*** Opening Extracted material ***

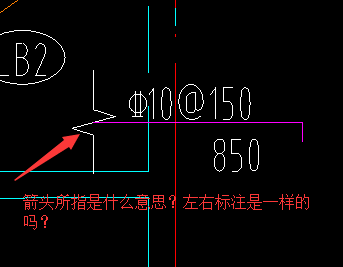 箭頭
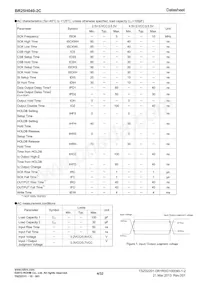 BR25H040FJ-2CE2 Datenblatt Seite 4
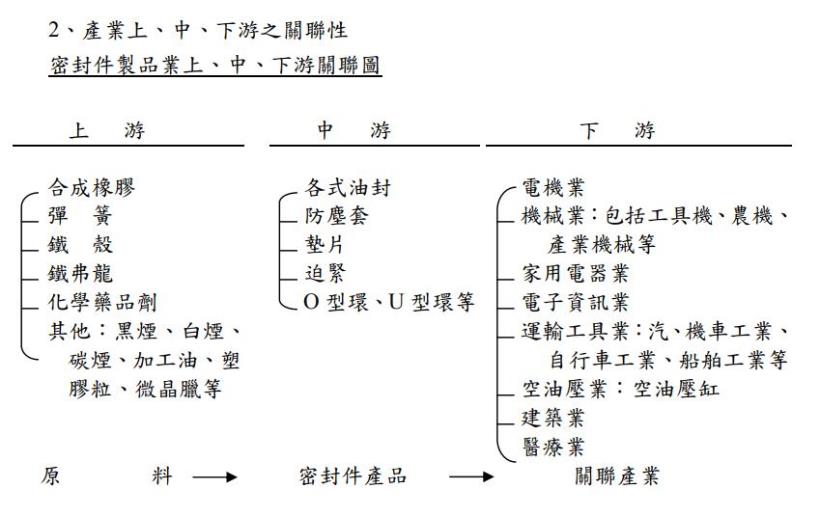 21 年穩定配息！油封龍頭廠-茂順(9942)：行銷 70 個國家，工業機械必不可少的零件！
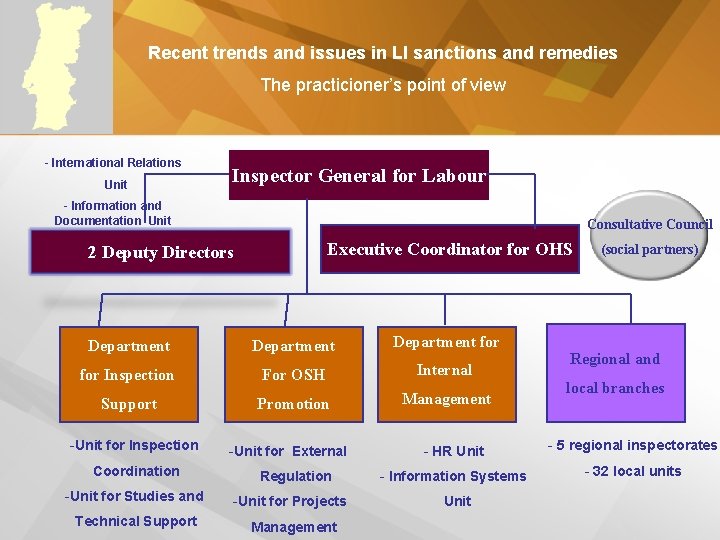 Recent trends and issues in LI sanctions and remedies The practicioner’s point of view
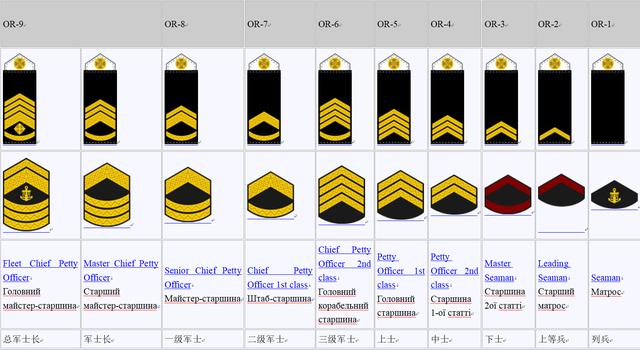 乌克兰军衔制图片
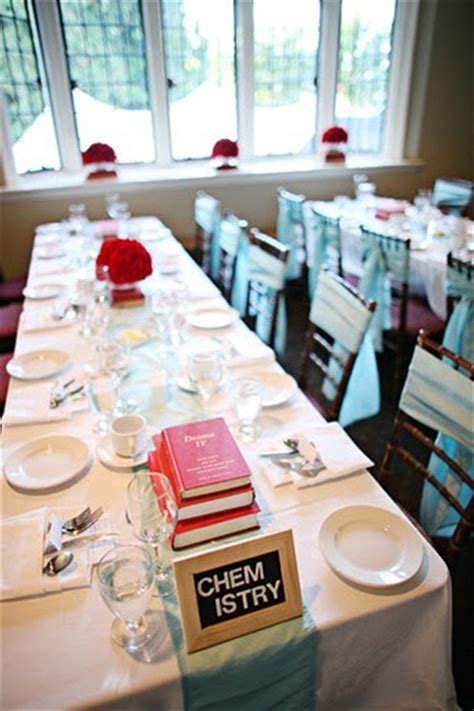 By samantha iacia july 20, 2018 6. 50 Best Table Name Ideas for Weddings | Emmaline Bride®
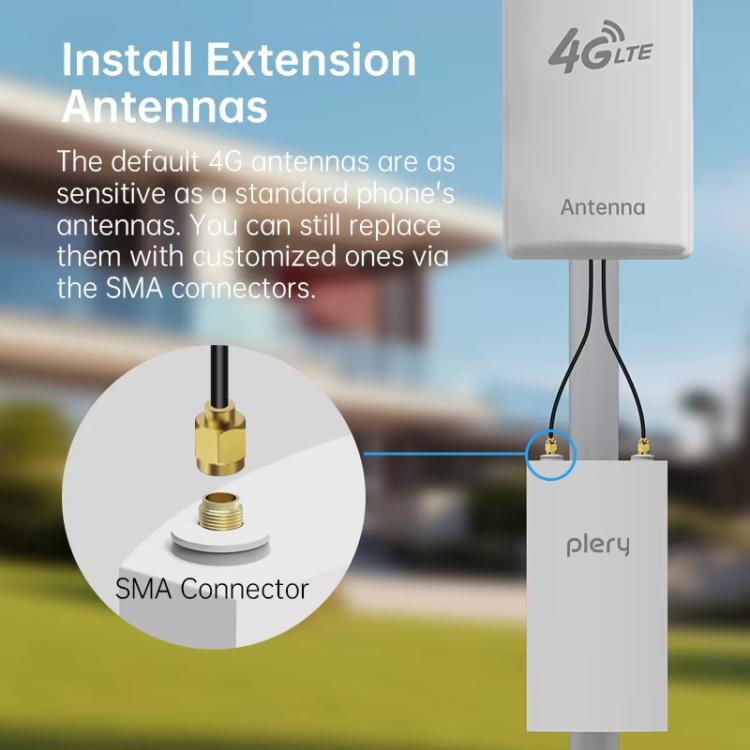 COMFAST Plery R702 راوتر لاسلكي خارجي 4G LTE مقاوم للماء IP66 يدعم شريحة SIM عالمية، قابس الاتحاد الأوروبي، قابس الولايات المتحدة، قابس المملكة المتحدة، قابس أستراليا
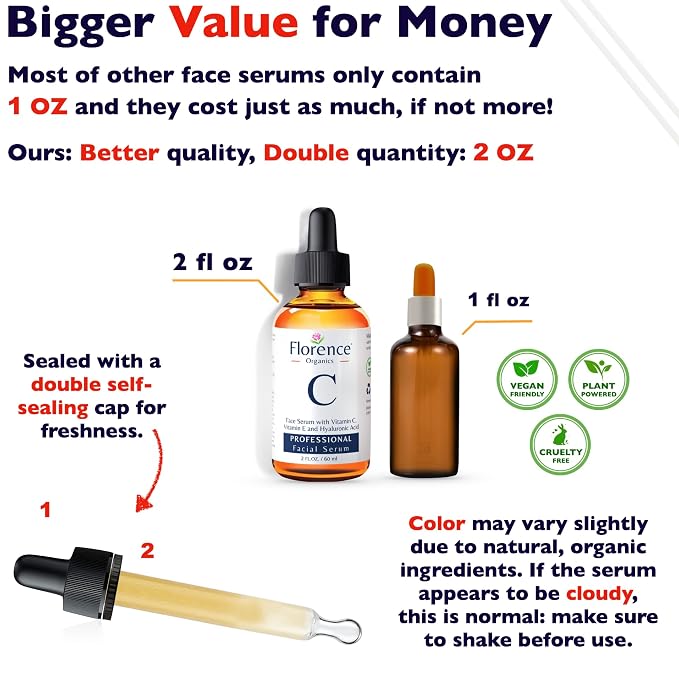 Vitamin C Serum For Face – Anti Aging Face Serum - Image 2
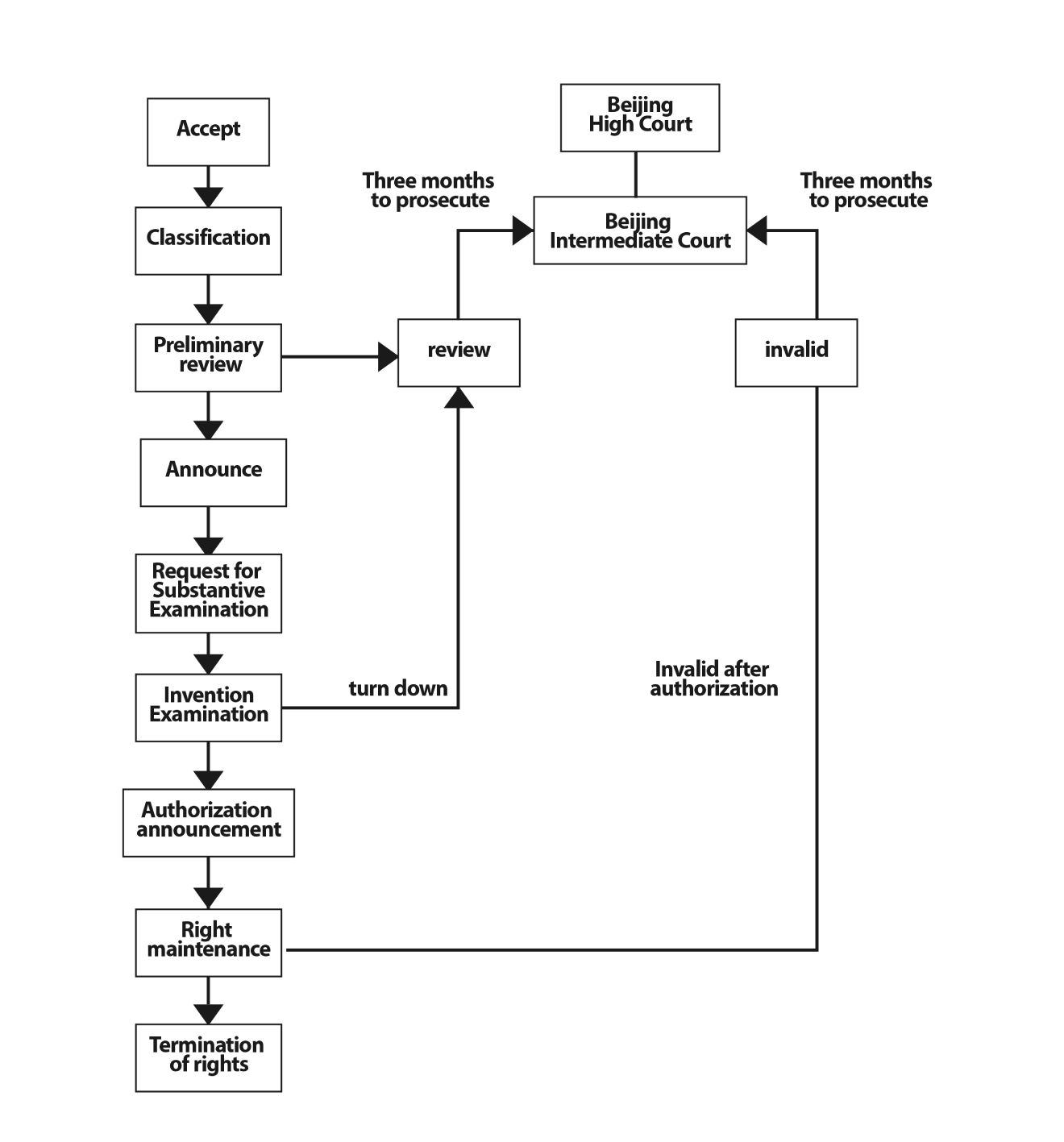 Chinese Invention Patent application process and steps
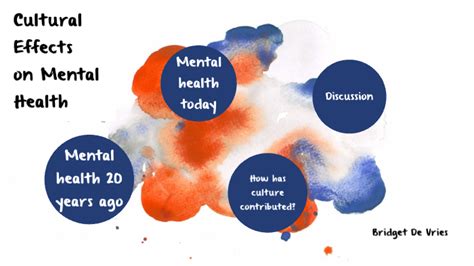 Cultural Effects On Mental Health By Bridget De Vries On Prezi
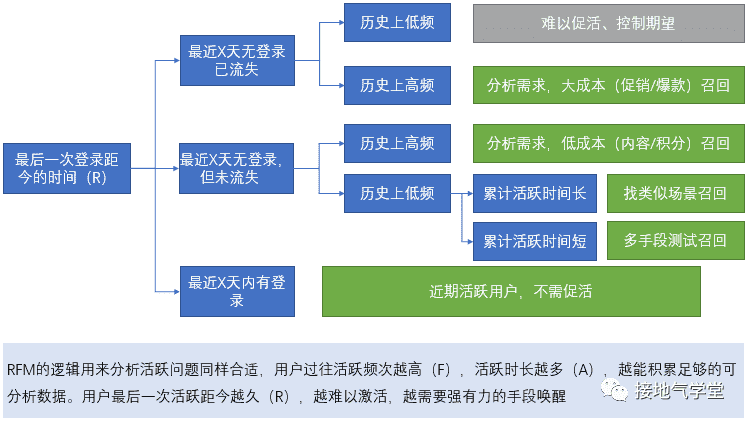 超级产品经理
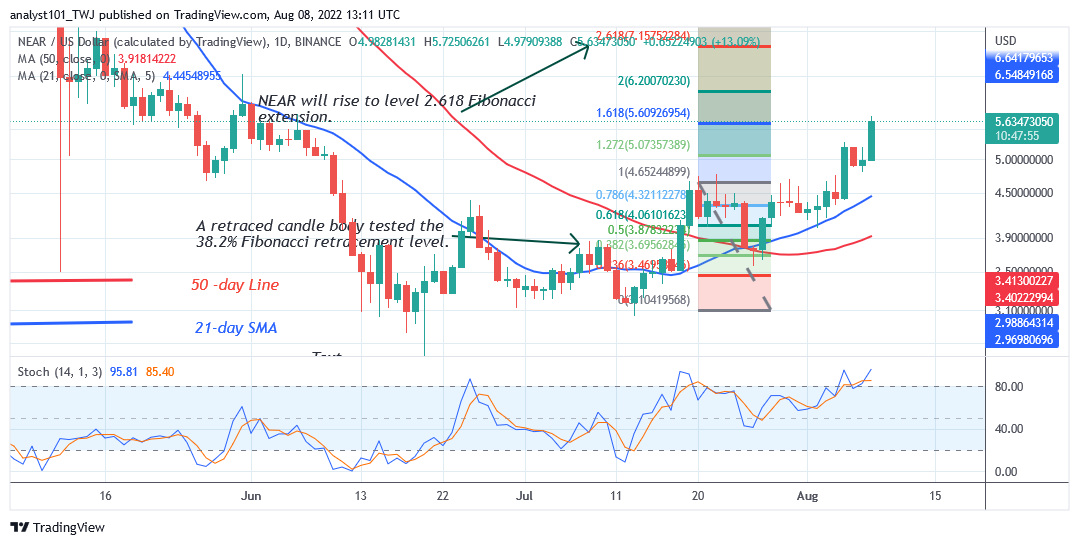 Price Prediction for August 8: FLOW, DCR, NEAR, AVAX, and THETA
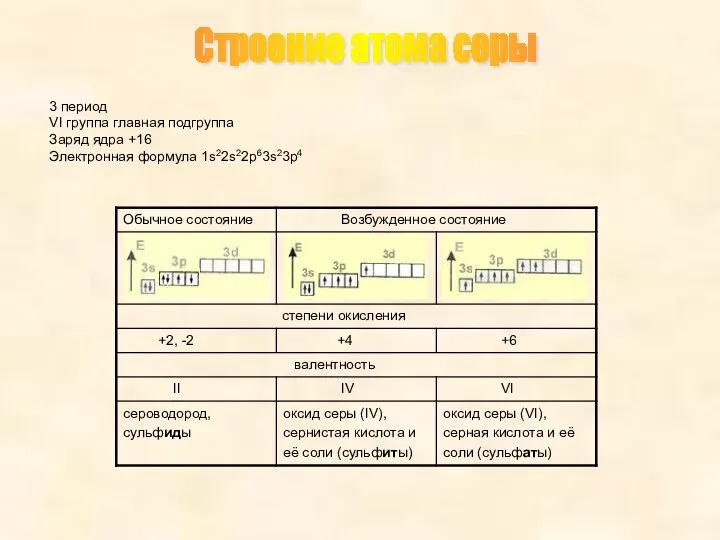 3 период VI группа главная подгруппа Заряд ядра +16 Электронная формула 1s22s22p63s23p4 Строение атома серы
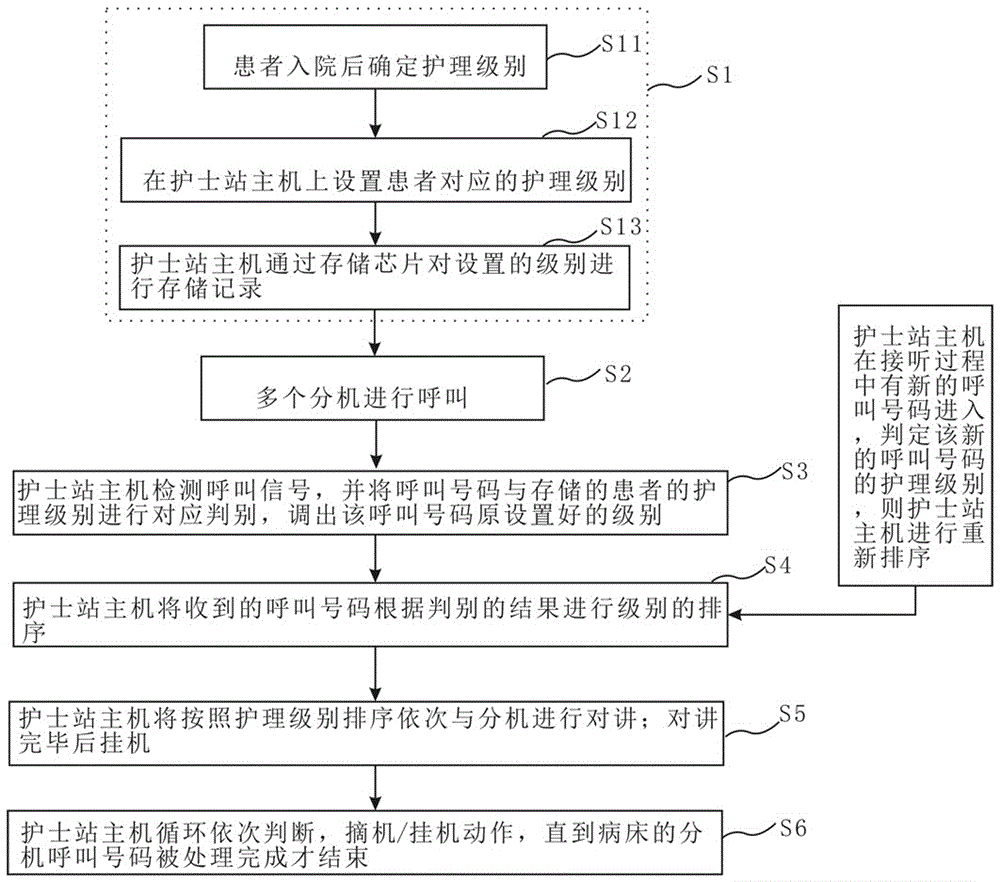 Method and system for controlling nurse station host to answer calls differentially according to nursing levels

*** Closing Extracted material ***

# [Your objective]
Only the lines from the one containing "Chinese Invention Patent" through the last line of the data may appear in the answer, each given again exactly and with pictures left out.

# [Finished task]
 Chinese Invention Patent application process and steps
 Cultural Effects On Mental Health By Bridget De Vries On Prezi
 超级产品经理
 Price Prediction for August 8: FLOW, DCR, NEAR, AVAX, and THETA
 3 период VI группа главная подгруппа Заряд ядра +16 Электронная формула 1s22s22p63s23p4 Строение атома серы
 Method and system for controlling nurse station host to answer calls differentially according to nursing levels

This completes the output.